You can get “free advice” from many sources- not only from your stockbroker, but also from your insurance agent, your financial planner, and other professionals. This isn’t really advice, and it certainly is not free.  You saw how free advice, embedded in the hyped-up ratings and research reports issued by major Wall Street firms, cost investors a fortune, luring them into Nasdaq stocks that brought losses averaging over $60 for every $100 invested near the peak. In subsequent chapters, I’ll show you how free advice in other areas (from bonds to insurance) can also be quite expensive.  With free advice, you can actually get hurt in three different ways:

  1. You pay significant commissions that, despite any assurances to the contrary, inevitably wind up coming out of your pocket.
  2. You buy investments that are more likely than usual to be under-performers or outright losers.
  3. You wind up getting stuck with plans or programs that lock you in with various kinds of exit penalties.
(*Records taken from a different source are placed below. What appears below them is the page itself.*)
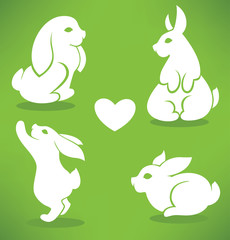 white Easter rabbits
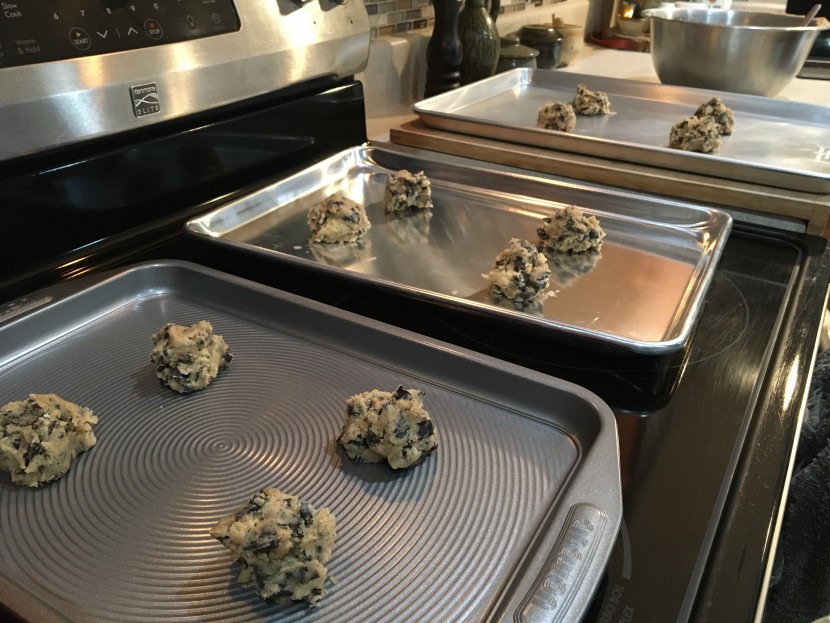 baking sheet - cookies and pans waiting their turn in the oven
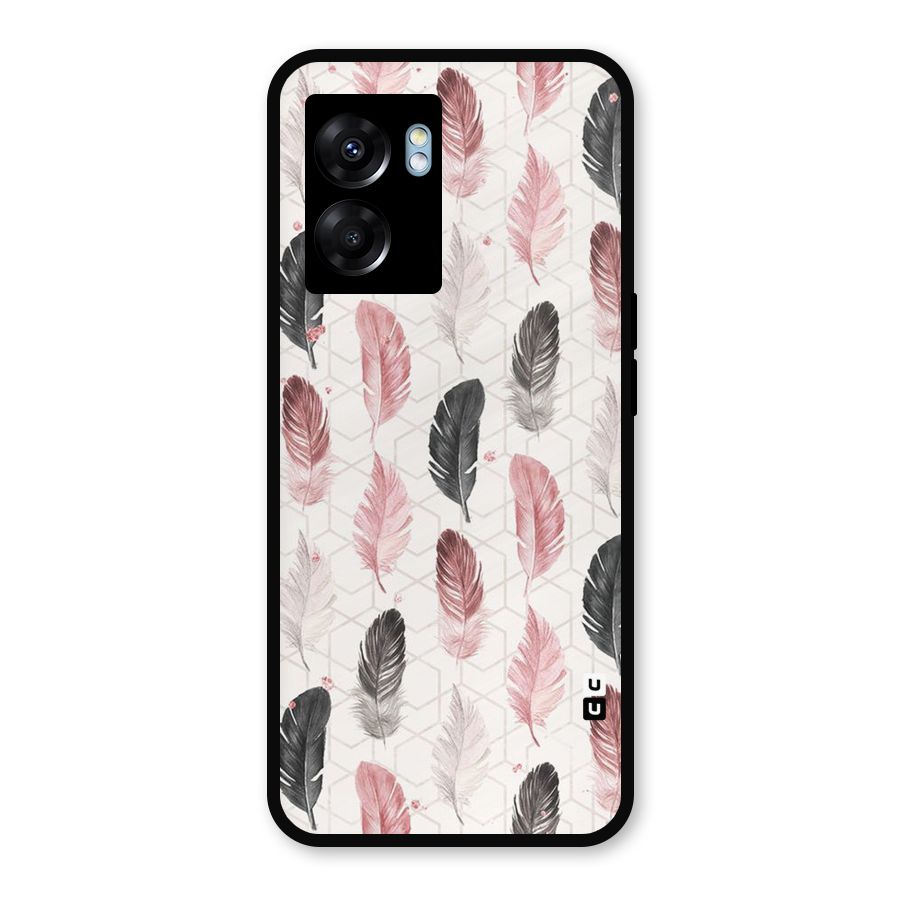 Feather Line Pattern Metal Back Case for Oppo K10 (5G)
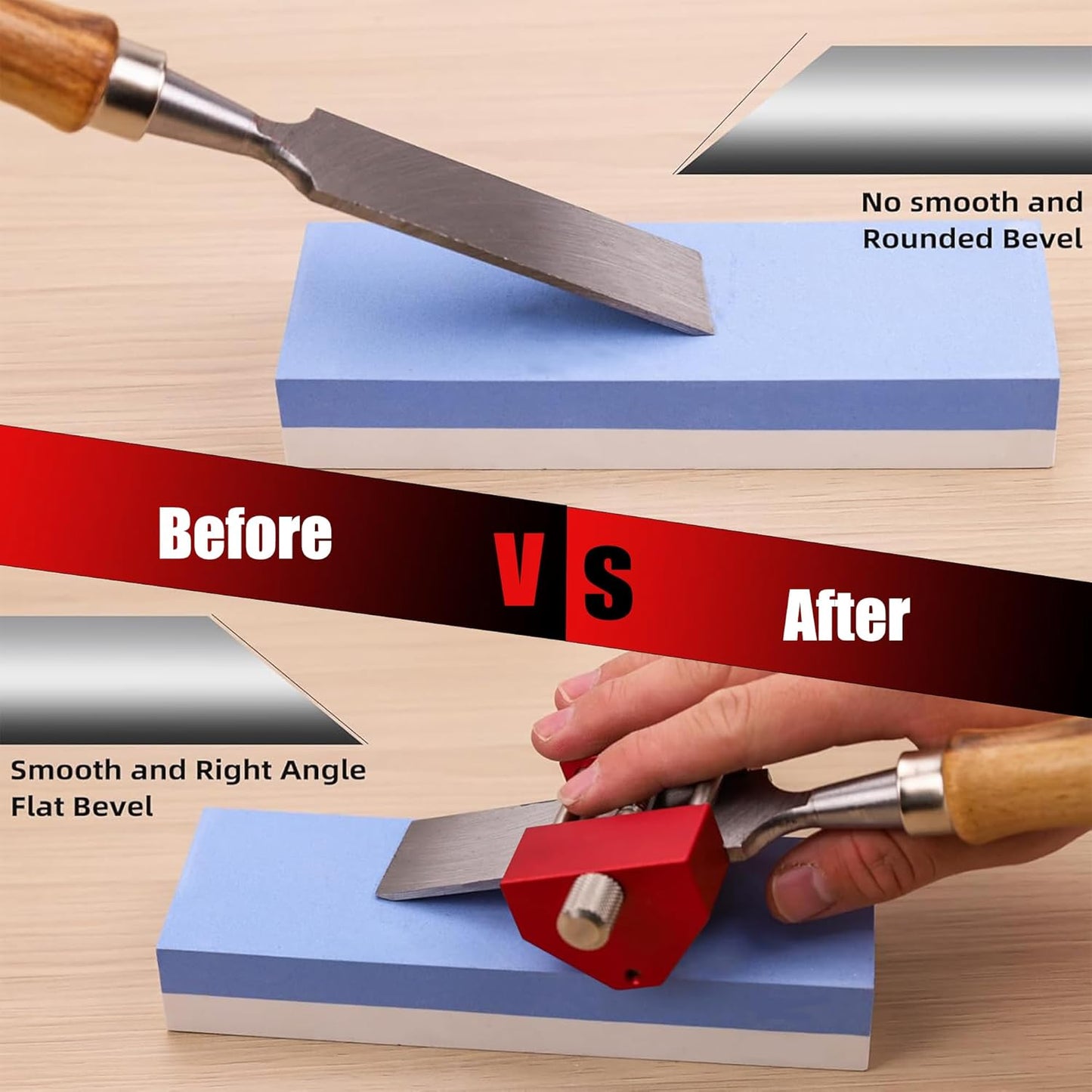 Honing Guide System Chisel Sharpening Kit for Woodworking Chisels and Planes, Chisel Sharpening Jig with Adjustable Angle Fixture and Angle Gauge, Red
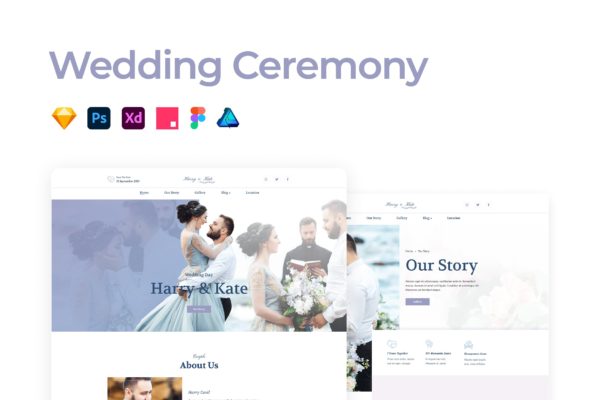 婚礼主题网页模板（XD,SKETCH,PSD,FIG）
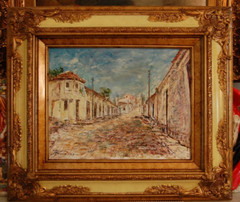 FRAMED SIGNED ORIGINAL OIL COLONIAL STREET OLD HAVANA, CUBA ARTIST: HECTO VIDAL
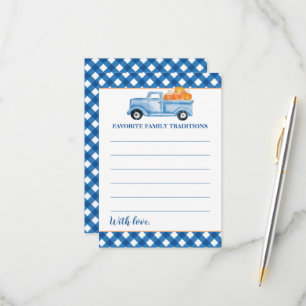 Pumpkin Blue Truck Baby Shower Family Traditions RSVP Card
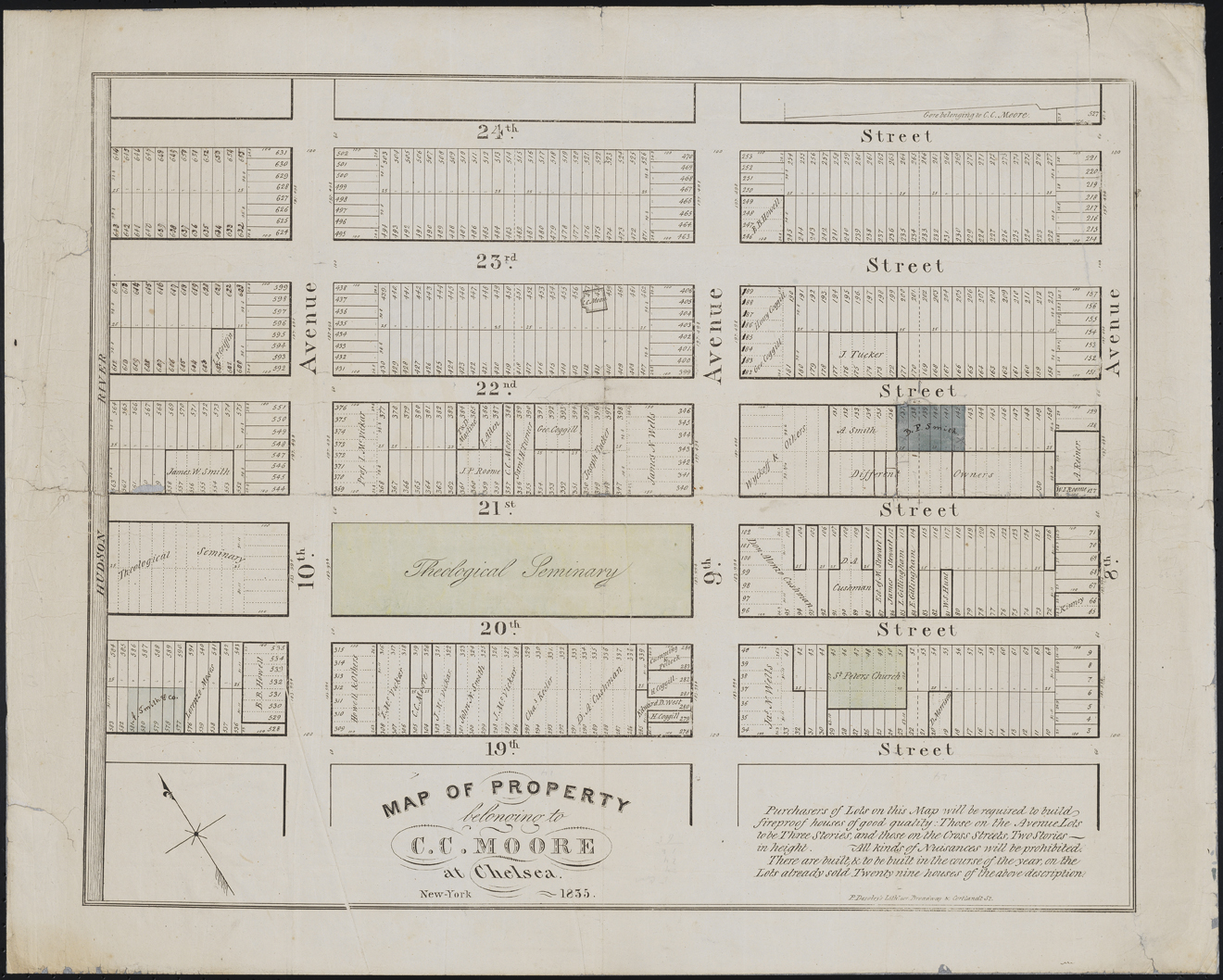 Prosper Desobry. Mapa de propriedades pertencentes a CC Moore em Chelsea. 1835. Museu da cidade de Nova York. 47.294.2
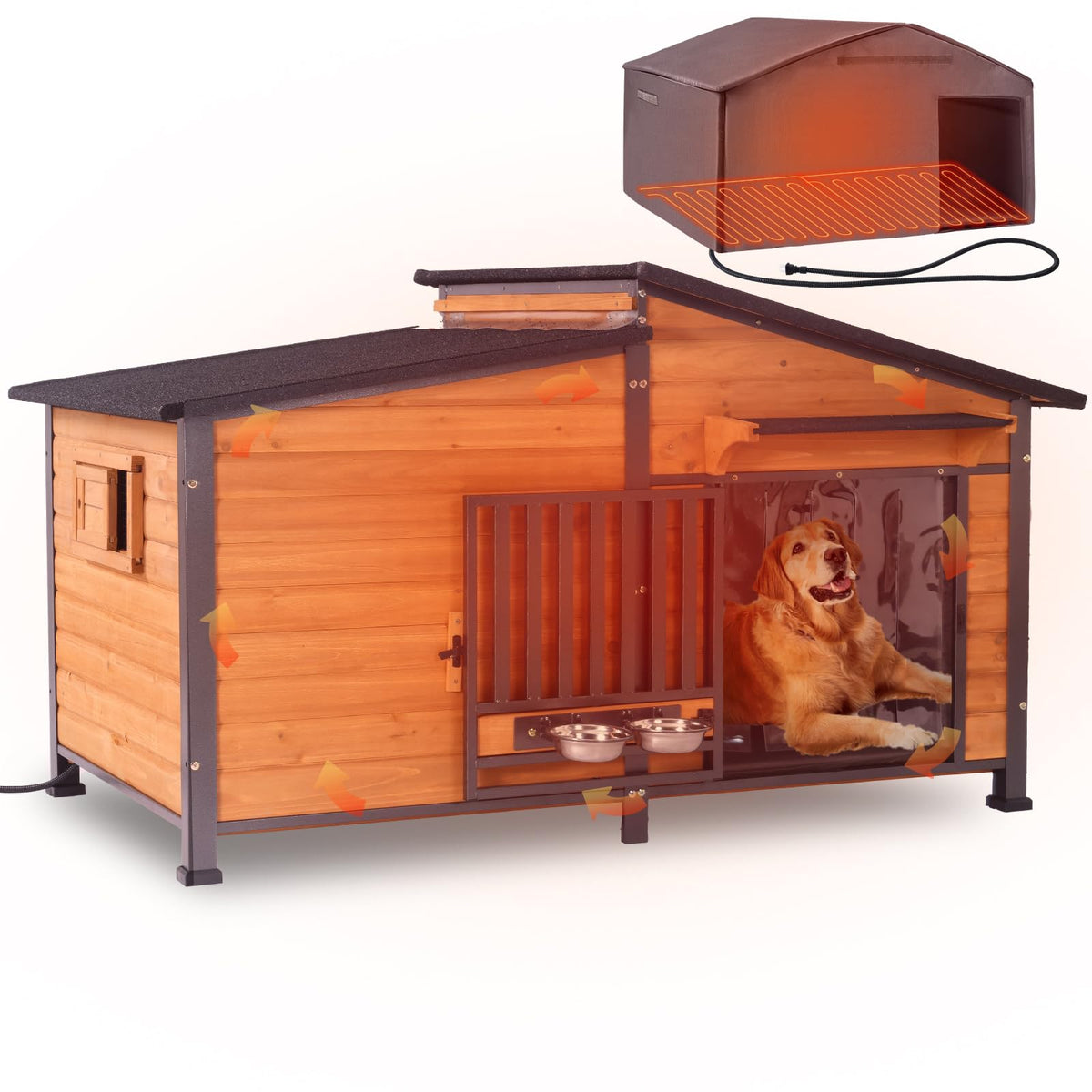 Extra Large Heated Insulated Weatherproof Dog Kennel with Heating Pad H10343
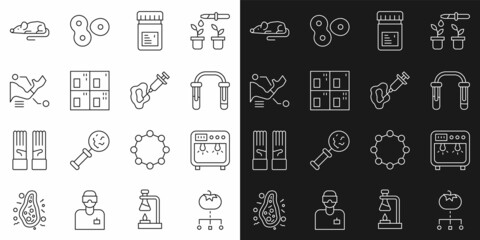 Set line Genetically modified food, Biosafety box, Test tube and flask, Jar with additives, Periodic table, Prosthesis hand, Experimental mouse and Syringe icon. Vector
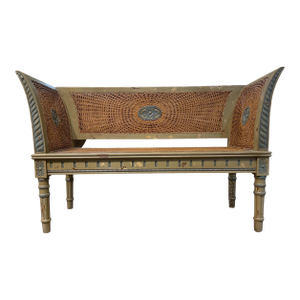 Late 20th Century Furniture Classics Limited "Bayonne" Louis XVI Style Painted and Caned Settee Bench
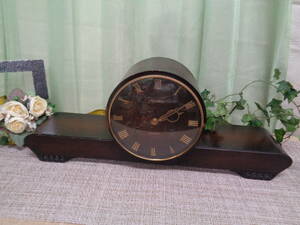 昭和レトロ　愛知時計　日の出型置き時計　ゼンマイ式　木製古時計　ボンボン時計　稼動品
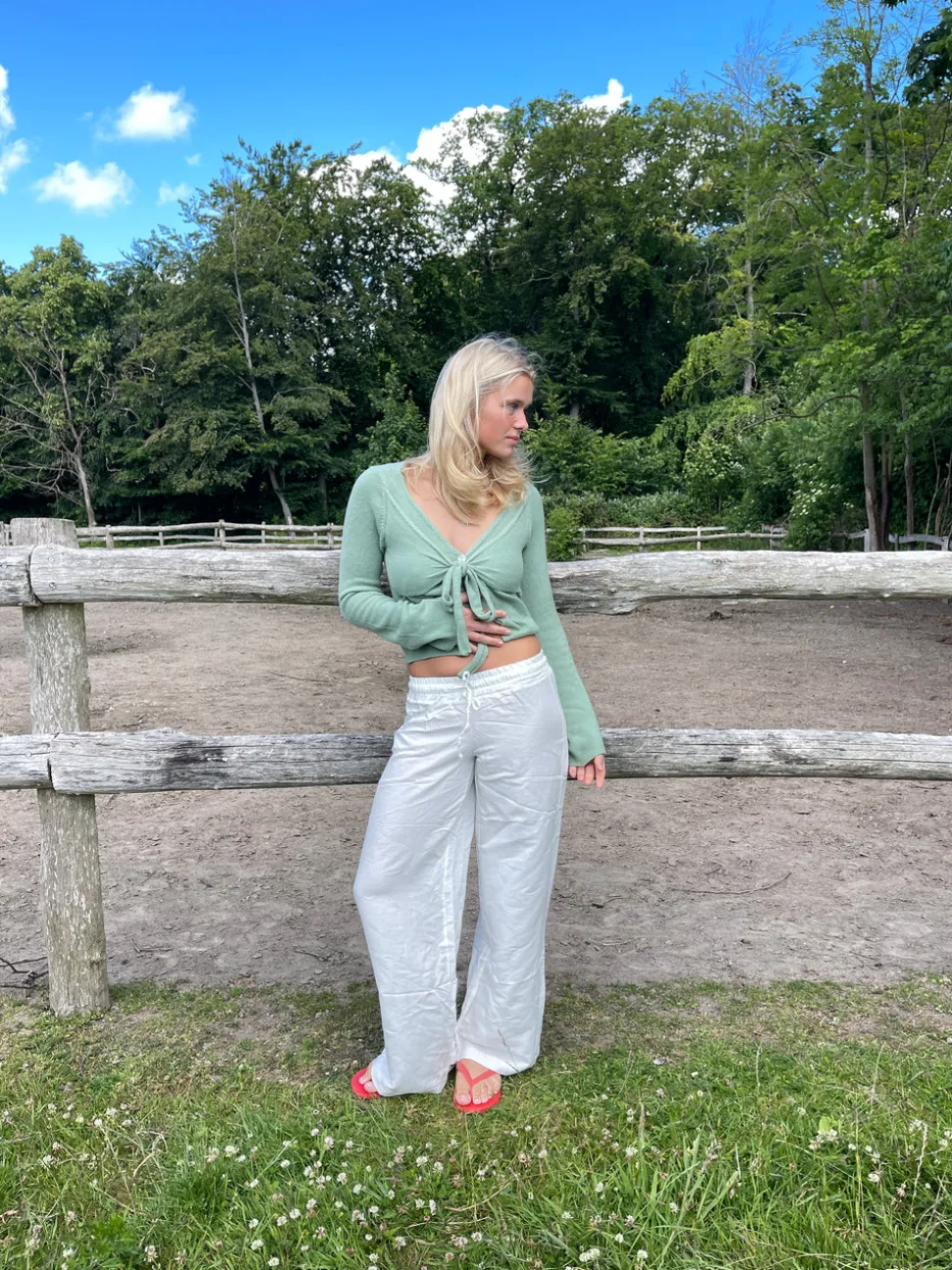 Katarina bukser i hørblanding - Off white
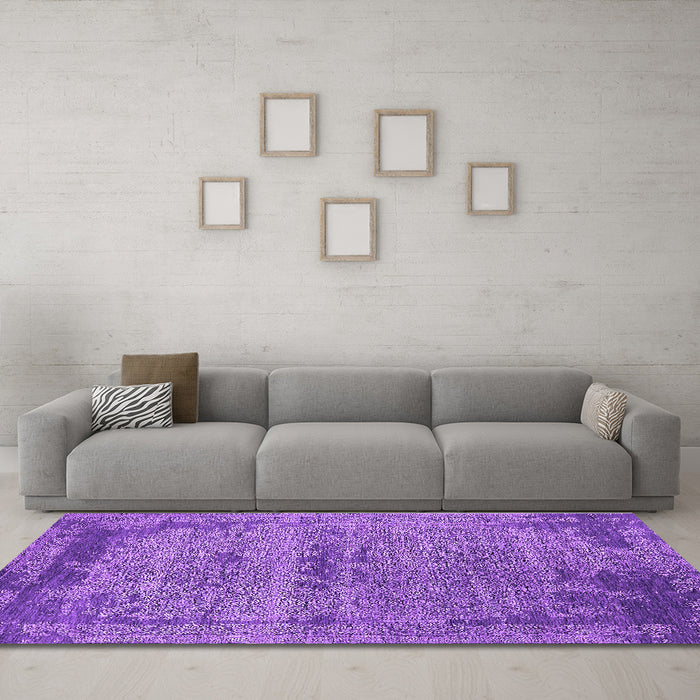 Machine Washable Oriental Purple Industrial Area Rugs in a Living Room, wshurb2549pur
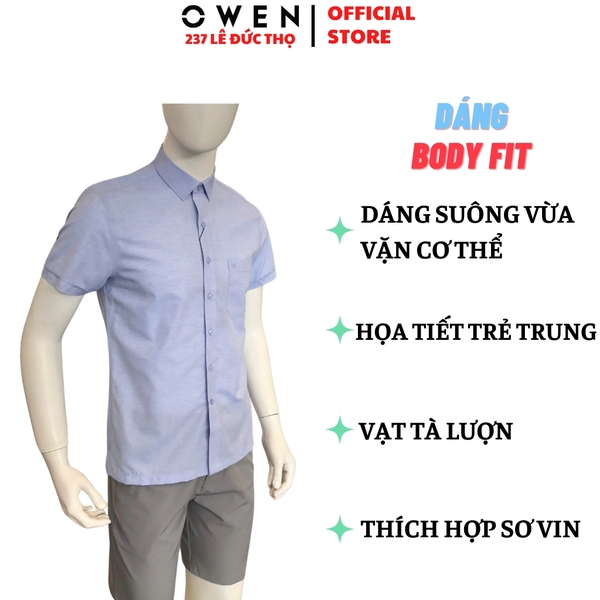 Áo sơ mi nam tay ngắn Owen AB250080NT màu xanh tím dáng suông Body fit tà bằng có túi chất liệu bamboo poly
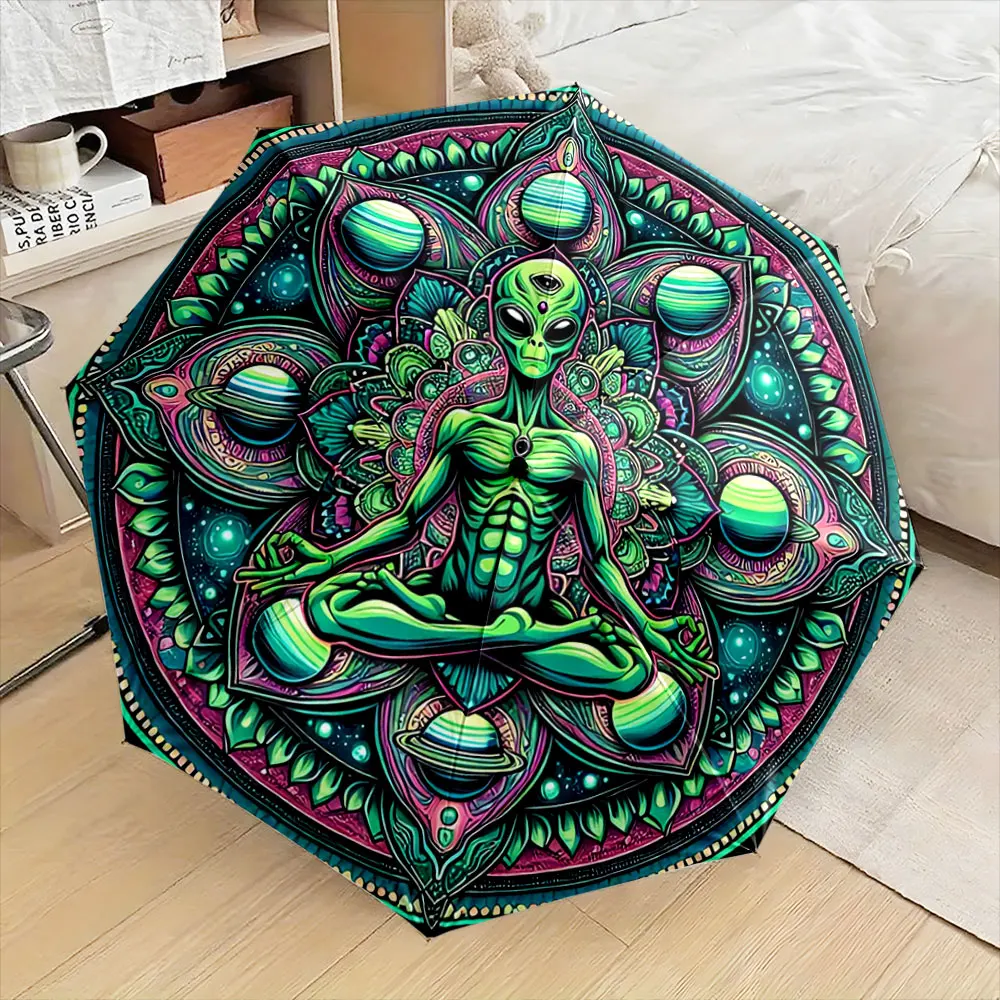 Alien Meditation with Cosmic Mandala and Planets portable waterproof sun rain umbrella for outdoor travel beach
Then, when a better, alternative opportunity comes your way, you have to either pass it up or pay through the nose to switch.

In short, taking free advice can be like walking into the ring with a professional wrestler. First, he socks it to you with commissions. Then, he dumps you into bad investments. And last, he pins you down on the mat and won’t let you go. Therefore, rule number 2 of investing is: Never act on so-called free advice.

How can you tell? It’s actually quite simple. Everyone you deal with in the financial industry is either a salesperson or an advisor. It is impossible for anyone to be both at the same time.

Salespeople will tell you that they are not charging you for the advice. They will tell you it “comes with the service” or it’s covered by the transaction fees or commissions. That’s a dead giveaway.

Advisors tell you, up front, what fee they are going to charge you, charge the fee, and then tell you what they charged you. It couldn’t be clearer.